Colocado a través de las teclas, como un riel sobre durmientes, había un largo lápiz rojo. Yo no lo perdía de vista porque quería que me compraran otro igual. Cuando Celina lo tomaba para apuntar en el libro de música, los números que correspondían a los dedos, el lápiz estaba deseando que lo dejaran escribir. Como Celina no lo soltaba, él se movía ansioso entre los dedos que lo sujetaban, y con su ojo único y puntiagudo miraba indeciso y oscilante de un lado para otro. Cuando lo dejaban acercarse al papel, la punta parecía un hocico que husmeaba algo, con instinto de lápiz, desconocido para nosotros, y registraba entre las patas de las notas buscando un lugar blanco donde morder. Por fin Celina lo soltaba y él, con movimientos cortos, como un chanchito cuando mama, se prendía vorazmente del blanco del papel, iba dejando las pequeñas huellas firmes y acentuadas de su corta pezuña negra y movía alegremente su larga cola roja.
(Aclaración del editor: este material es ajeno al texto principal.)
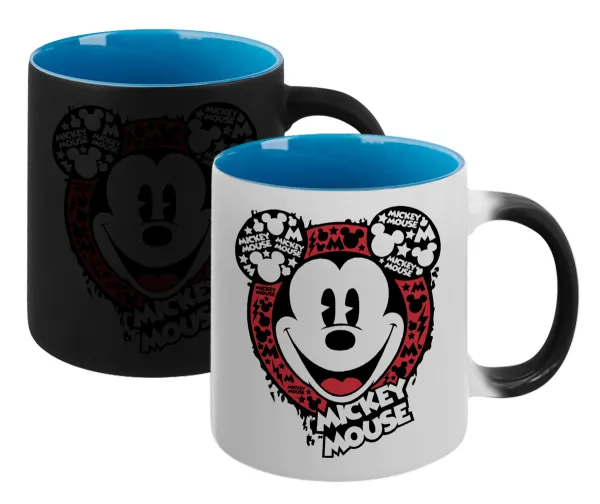 Mickey Mouse — Μαγική εσωτερικό μπλε
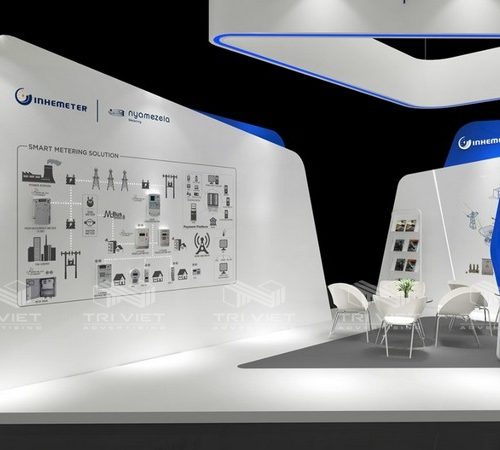 Thiết Kế Thi Công Triển Lãm Thiết Bị Điện Tử Chuyên Nghiệp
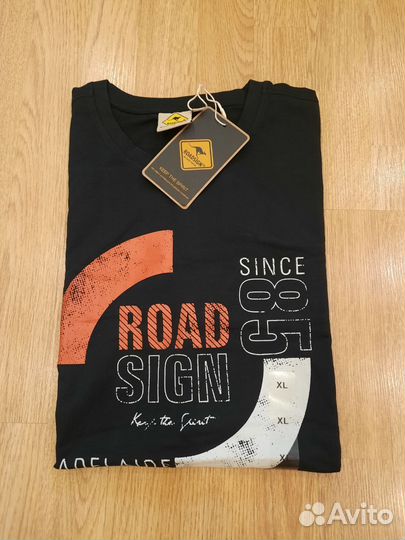 Roadsign Australia лонгсливы, L, XL, 2XL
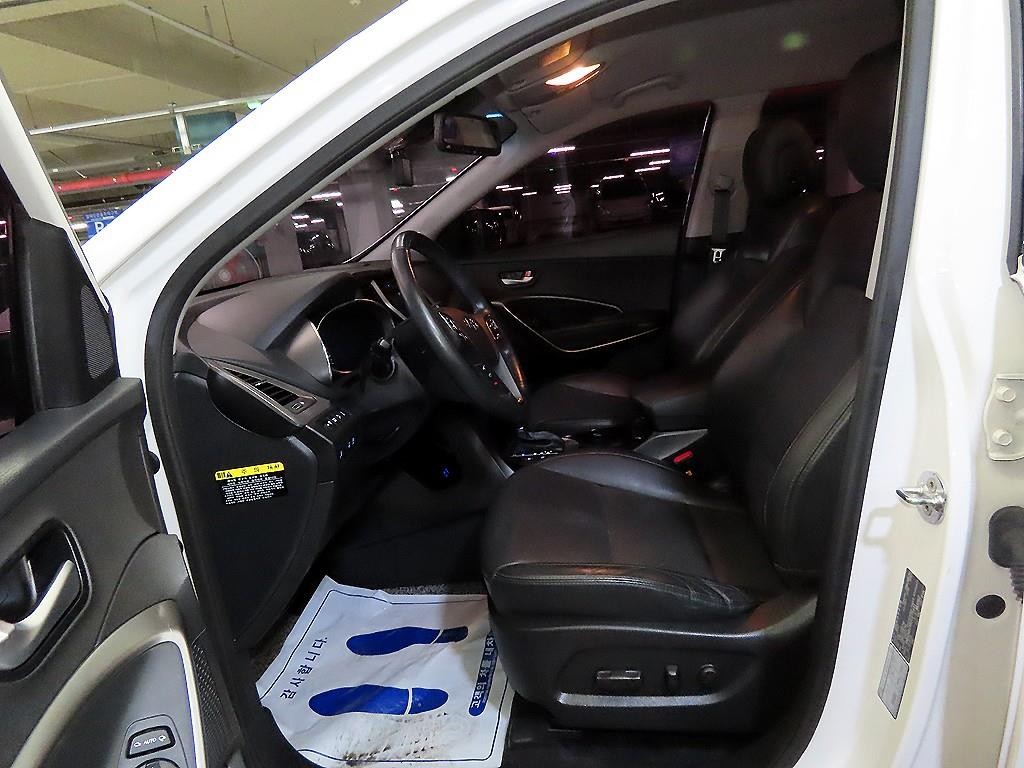 현대 맥스크루즈 더뉴맥스크루즈 E-VGT R2.2 2WD 익스클루시브 이미지 6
Celina me hacía poner las manos abiertas sobre las teclas y con los dedos de ella levantaba los míos como si enseñara a una araña a mover las patas. Ella se entendía con mis manos mejor que yo mismo. Cuando las hacía andar con lentitud de cangrejos entre pedruscos blancos y negros, de pronto las manos encontraban sonidos que encantaban todo lo que había alrededor de la lámpara y los objetos quedaban cubiertos por una nueva simpatía.